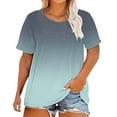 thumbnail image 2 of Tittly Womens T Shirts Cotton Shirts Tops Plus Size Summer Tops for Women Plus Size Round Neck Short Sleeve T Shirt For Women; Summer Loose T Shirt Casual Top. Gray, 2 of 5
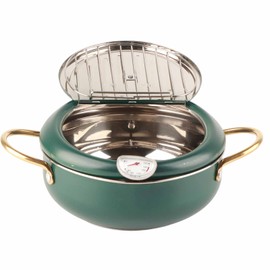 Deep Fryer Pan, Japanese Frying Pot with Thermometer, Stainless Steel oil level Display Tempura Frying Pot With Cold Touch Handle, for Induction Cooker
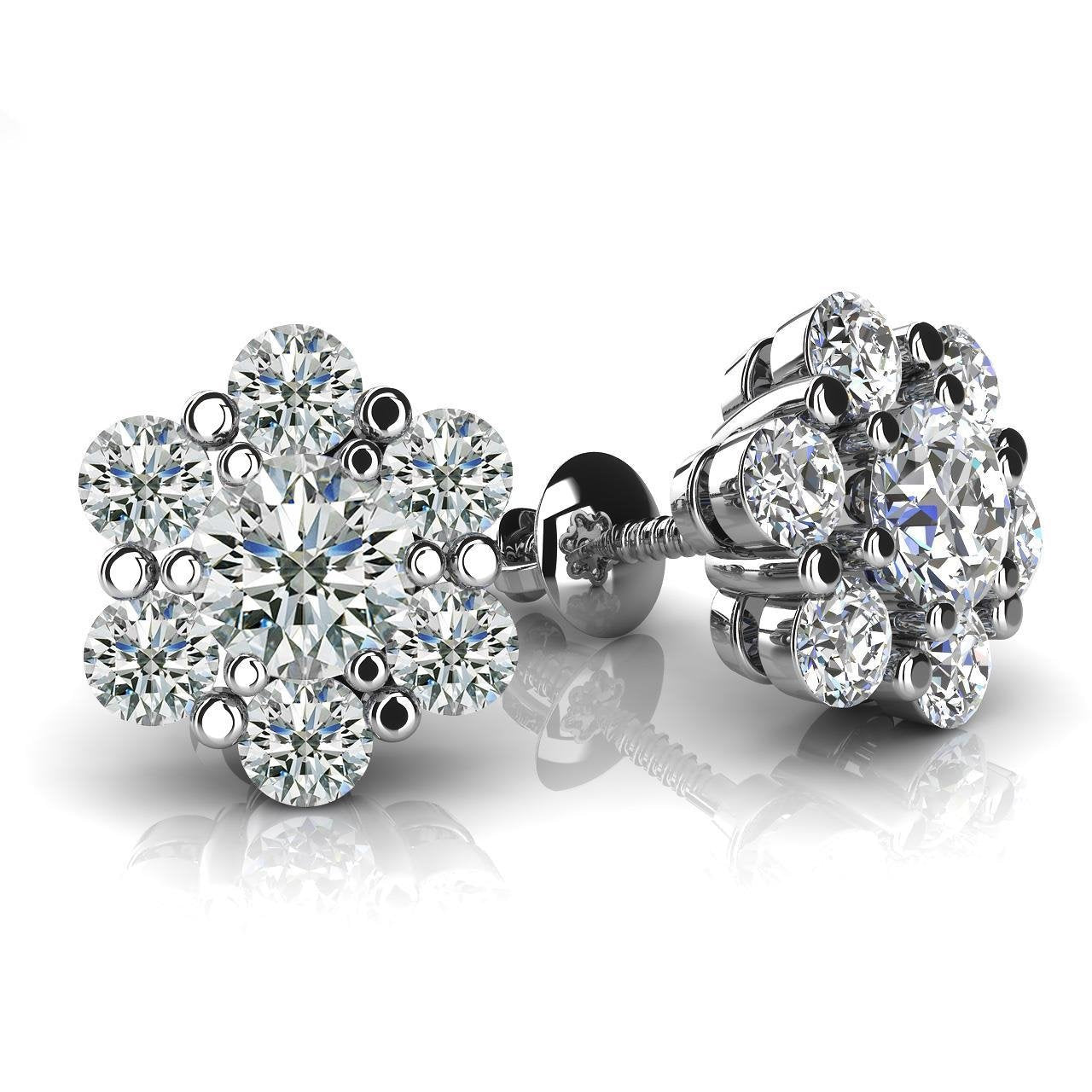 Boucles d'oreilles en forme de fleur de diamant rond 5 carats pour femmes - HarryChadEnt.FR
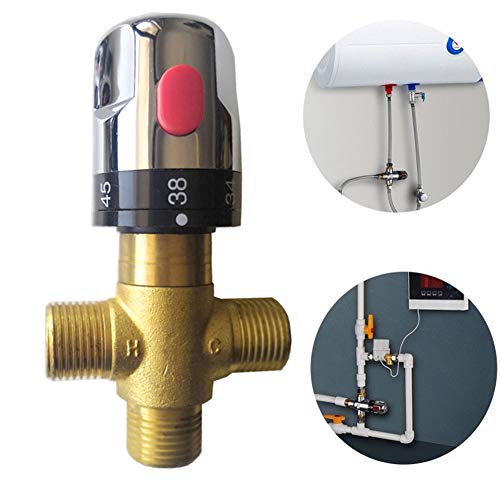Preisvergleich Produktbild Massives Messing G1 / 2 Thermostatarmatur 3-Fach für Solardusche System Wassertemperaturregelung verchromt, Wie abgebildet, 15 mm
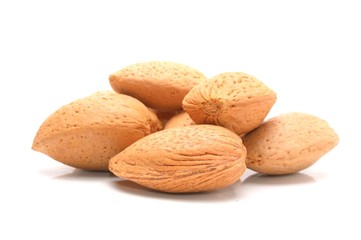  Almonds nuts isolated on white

--

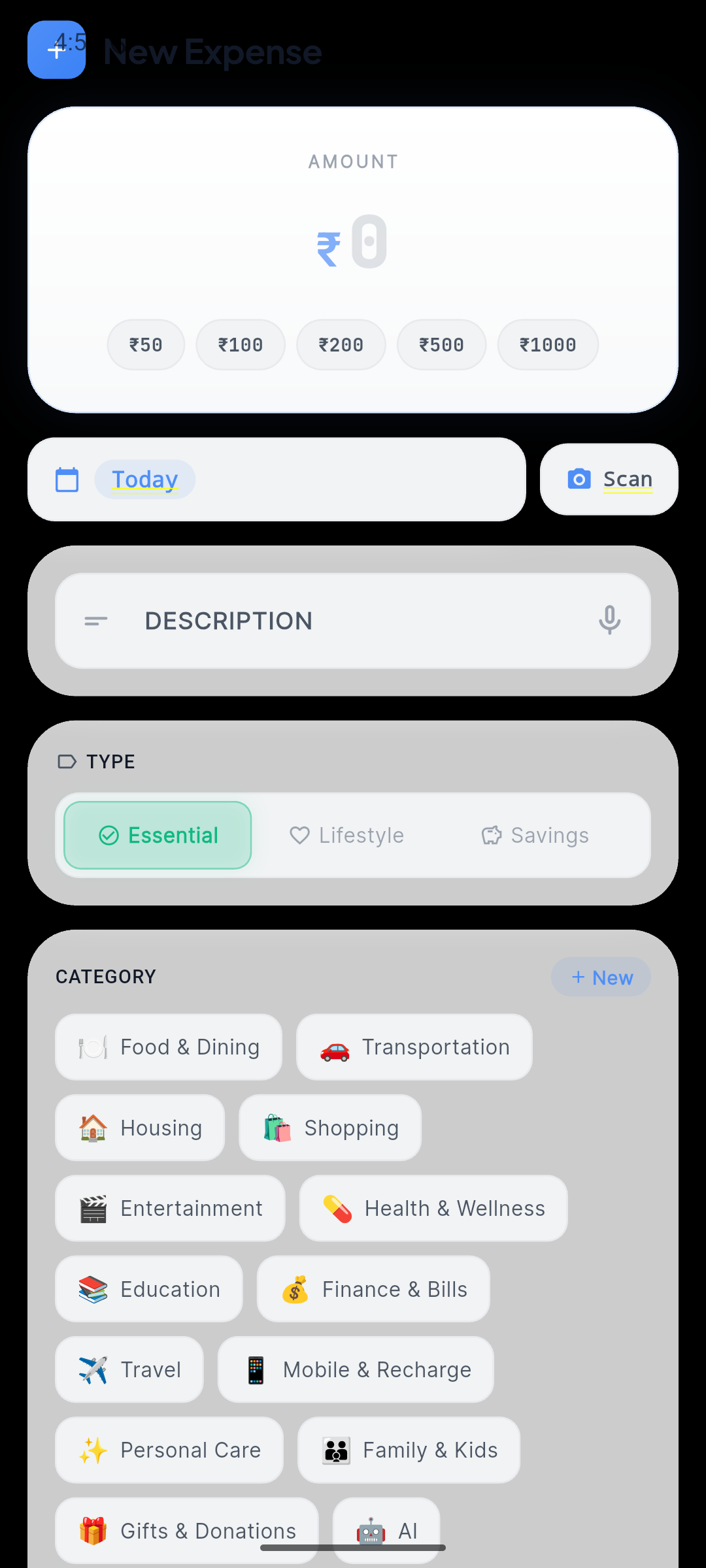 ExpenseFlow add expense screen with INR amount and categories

→ THE PROBLEM:
Return only the part above that opens with the line containing "Preisvergleich Produktbild Massives" and closes with the line containing "Almonds nuts isolated on white", exactly and with both ends, skipping the pictures.

→ WRITTEN ANSWER:
Preisvergleich Produktbild Massives Messing G1 / 2 Thermostatarmatur 3-Fach für Solardusche System Wassertemperaturregelung verchromt, Wie abgebildet, 15 mm
  Almonds nuts isolated on white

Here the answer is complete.